• _Problem to work on_: What I need is an exact repeat of the lines from the one with "A 172, G. Zechner, Missa, Soprano" through the end of the listing below. Leave out every picture.

• _Raw data_:

^^^^^^^^

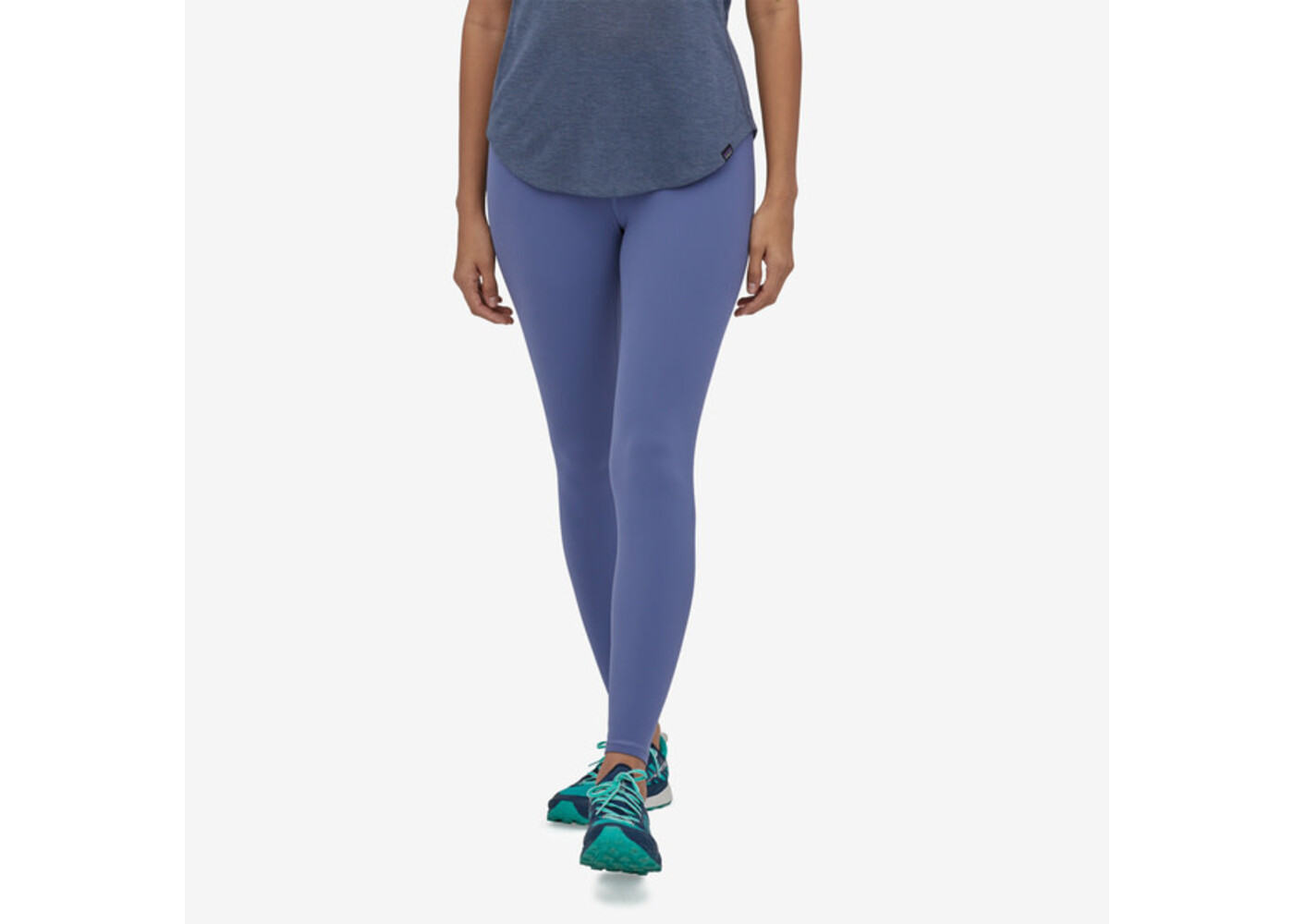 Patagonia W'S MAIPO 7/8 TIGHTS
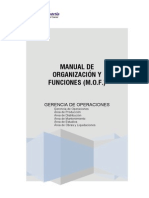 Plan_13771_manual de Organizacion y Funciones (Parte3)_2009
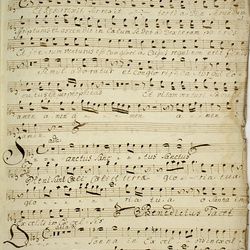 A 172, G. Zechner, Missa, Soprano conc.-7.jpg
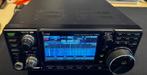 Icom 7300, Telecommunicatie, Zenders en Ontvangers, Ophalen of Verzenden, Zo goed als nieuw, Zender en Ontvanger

^^^^^^^^

• _Task output_:
 A 172, G. Zechner, Missa, Soprano conc.-7.jpg
 Icom 7300, Telecommunicatie, Zenders en Ontvangers, Ophalen of Verzenden, Zo goed als nieuw, Zender en Ontvanger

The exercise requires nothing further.